## Work instruction
Ignoring every picture, return the lines of the listing below word for word, from the line that holds "Cover All About Garbage Trucks" through the line that holds "DrawerStore™ Baking Tray".

## Data to process
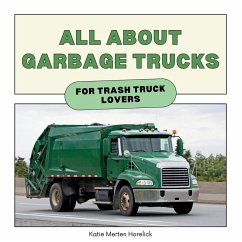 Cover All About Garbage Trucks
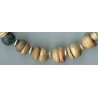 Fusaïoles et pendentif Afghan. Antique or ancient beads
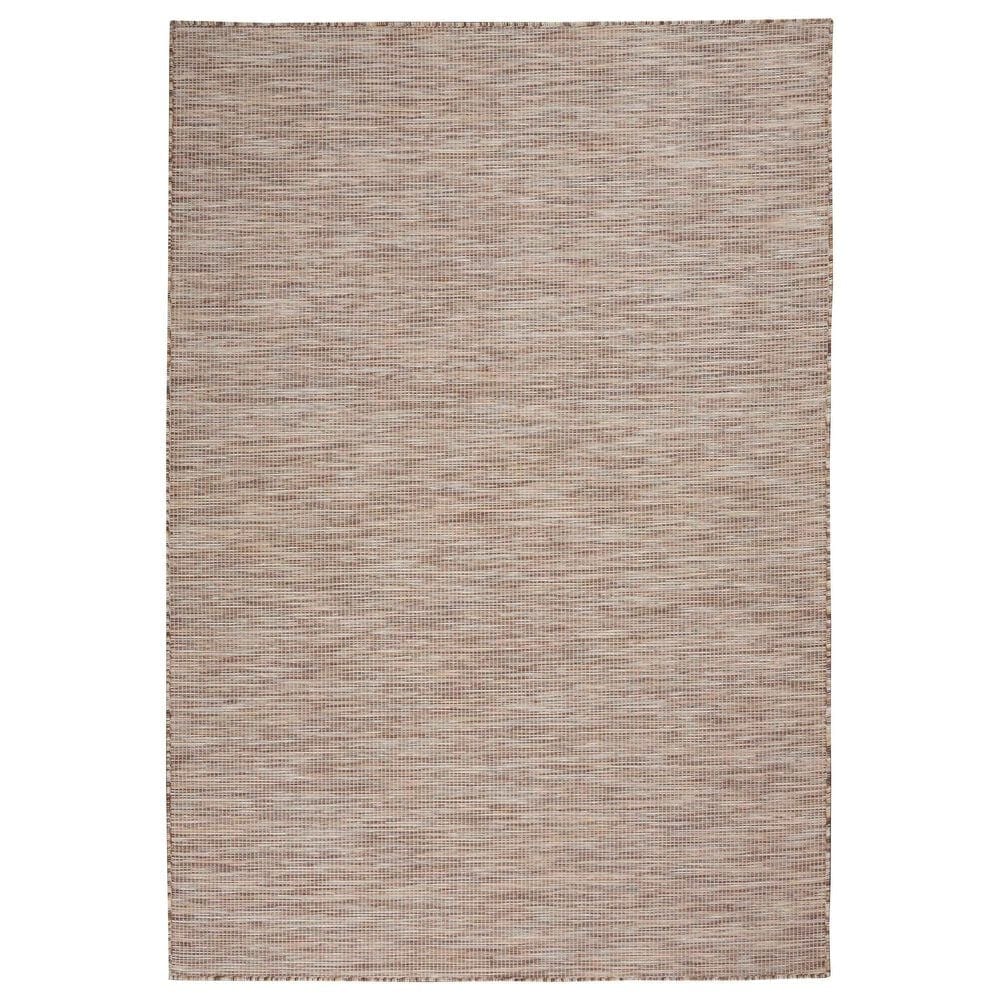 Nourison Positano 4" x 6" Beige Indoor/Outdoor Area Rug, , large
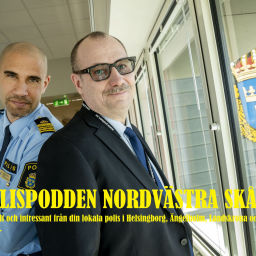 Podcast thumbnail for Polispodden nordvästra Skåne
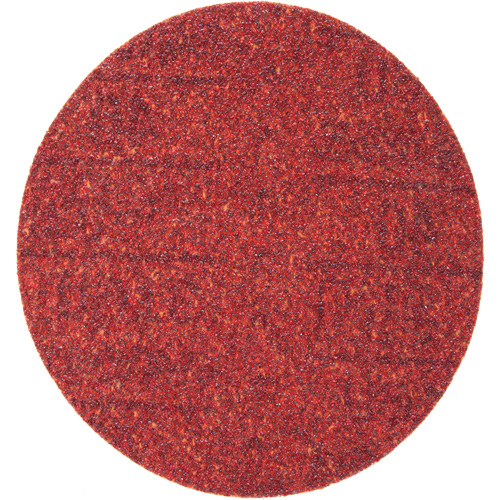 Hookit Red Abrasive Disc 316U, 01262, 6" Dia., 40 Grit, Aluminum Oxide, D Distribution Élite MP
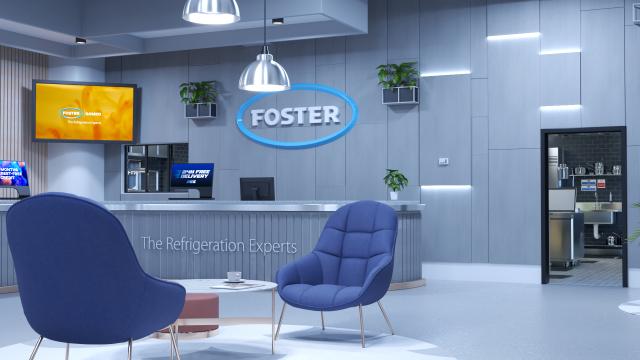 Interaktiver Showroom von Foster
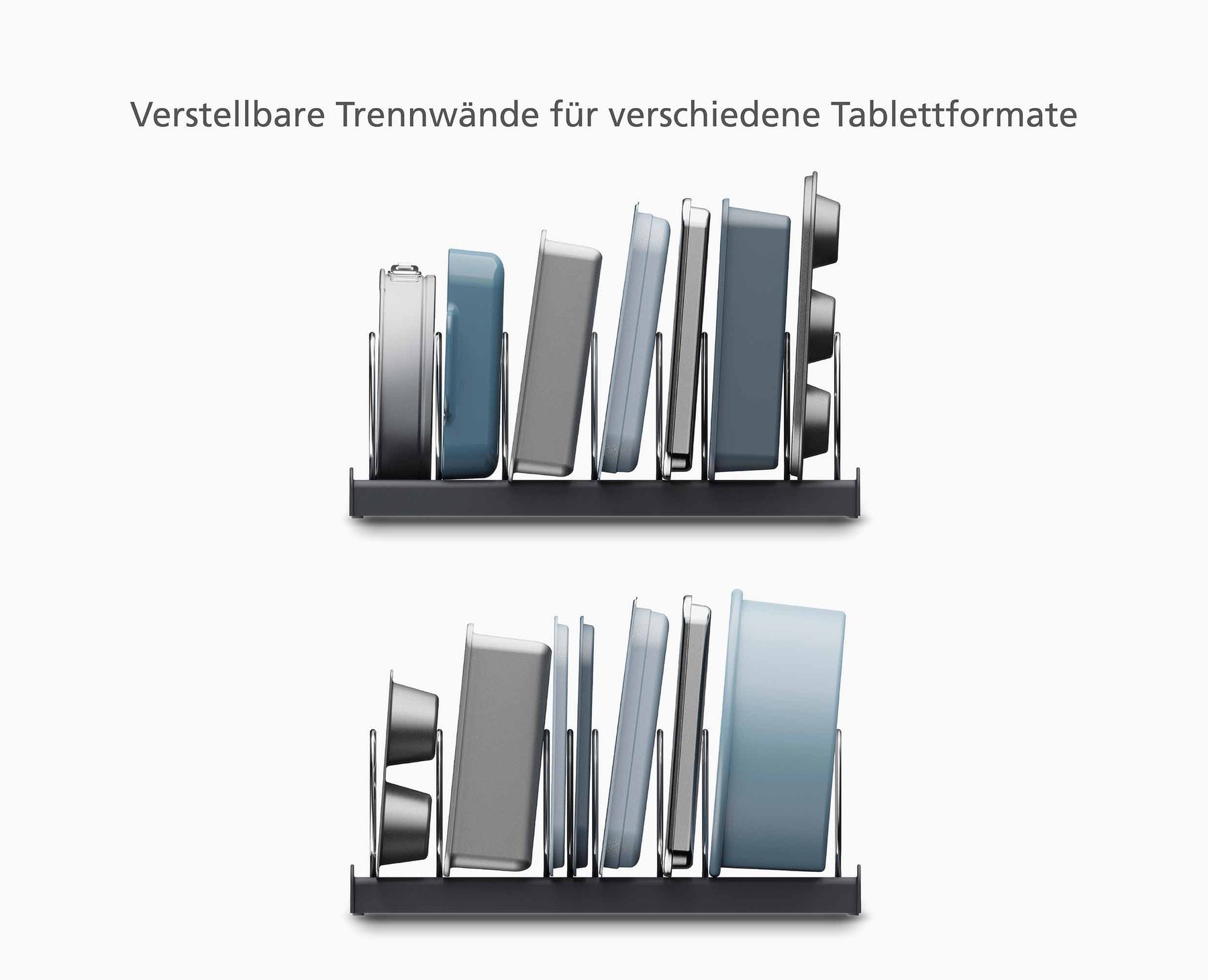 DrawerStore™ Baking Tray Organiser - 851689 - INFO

--

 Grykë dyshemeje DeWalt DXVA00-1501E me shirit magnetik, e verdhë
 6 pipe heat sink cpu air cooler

...

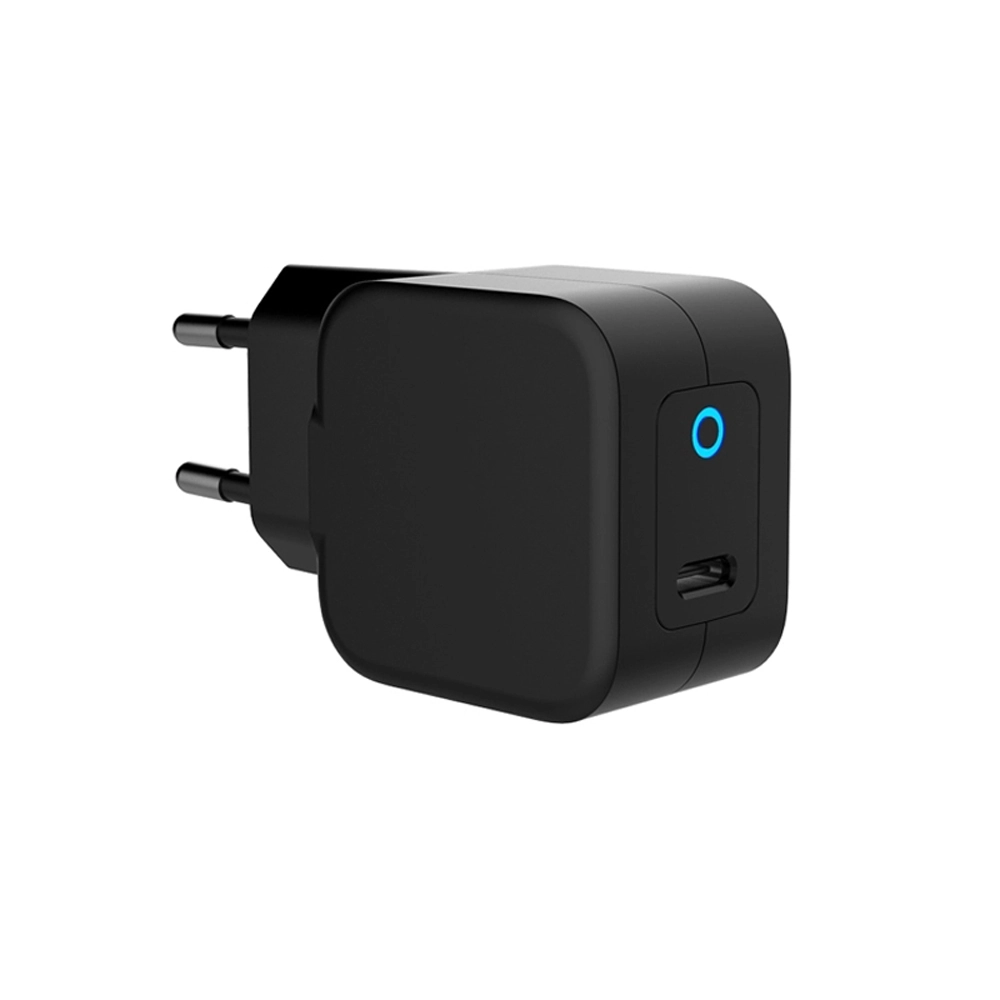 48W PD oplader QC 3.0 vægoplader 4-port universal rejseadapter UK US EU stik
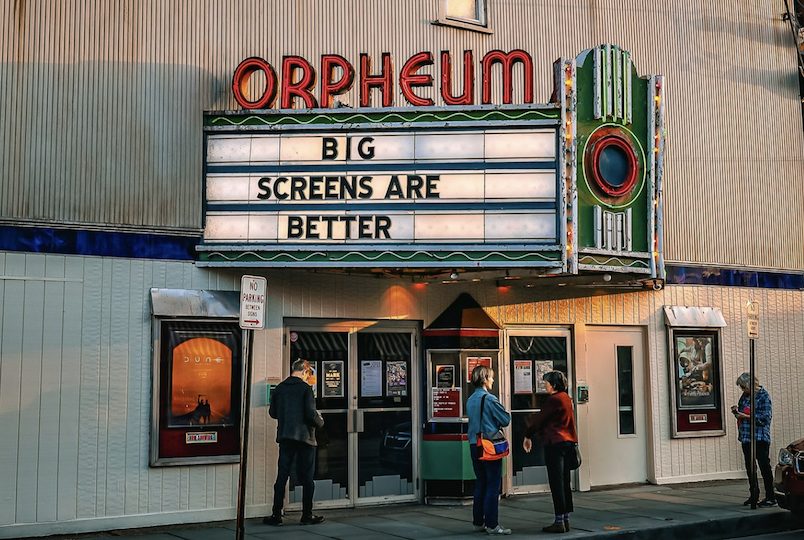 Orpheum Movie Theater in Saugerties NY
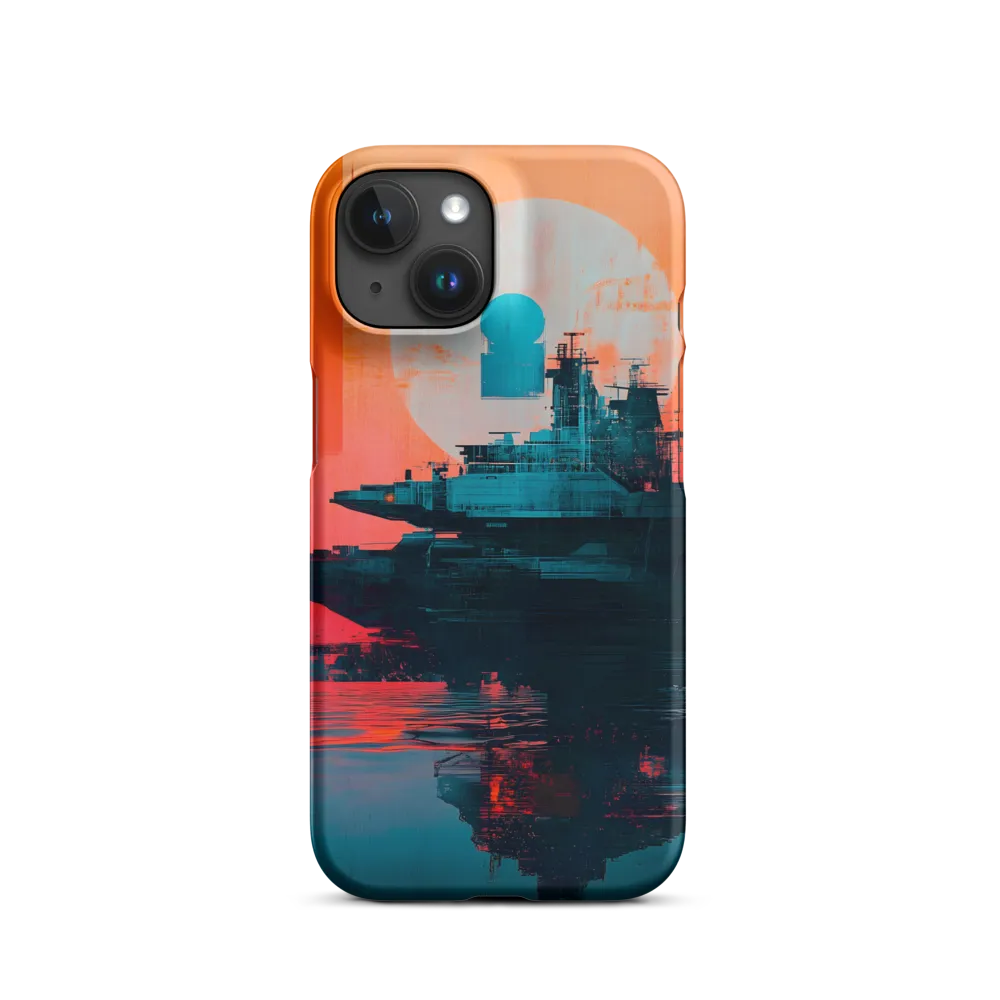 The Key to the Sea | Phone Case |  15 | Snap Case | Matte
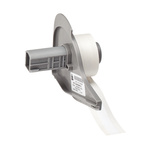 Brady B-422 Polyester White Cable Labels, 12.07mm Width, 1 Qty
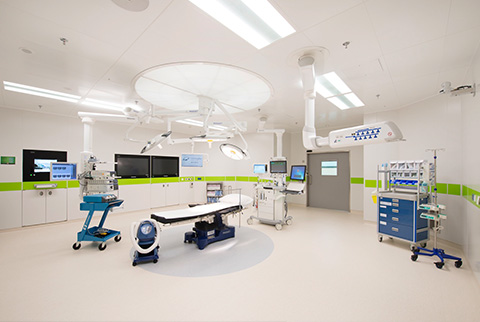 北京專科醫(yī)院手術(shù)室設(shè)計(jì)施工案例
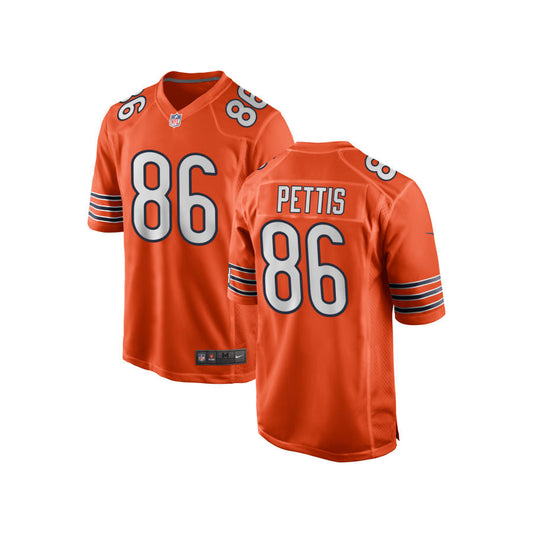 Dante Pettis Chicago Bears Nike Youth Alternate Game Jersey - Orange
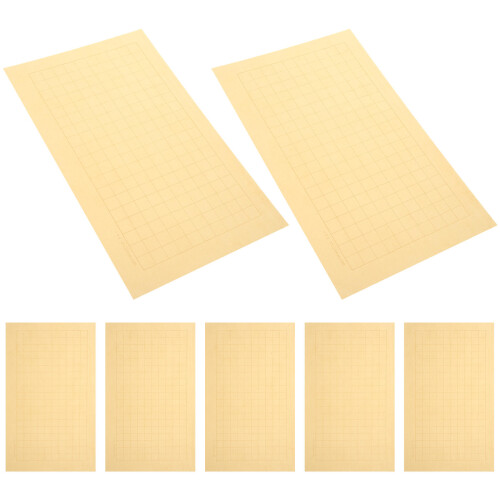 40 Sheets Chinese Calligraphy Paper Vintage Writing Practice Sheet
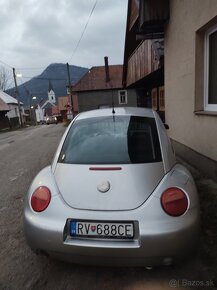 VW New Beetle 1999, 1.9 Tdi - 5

## Reply
 Cover All About Garbage Trucks
 Fusaïoles et pendentif Afghan. Antique or ancient beads
 Nourison Positano 4" x 6" Beige Indoor/Outdoor Area Rug, , large
 Podcast thumbnail for Polispodden nordvästra Skåne
 Hookit Red Abrasive Disc 316U, 01262, 6" Dia., 40 Grit, Aluminum Oxide, D Distribution Élite MP
 Interaktiver Showroom von Foster
 DrawerStore™ Baking Tray Organiser - 851689 - INFO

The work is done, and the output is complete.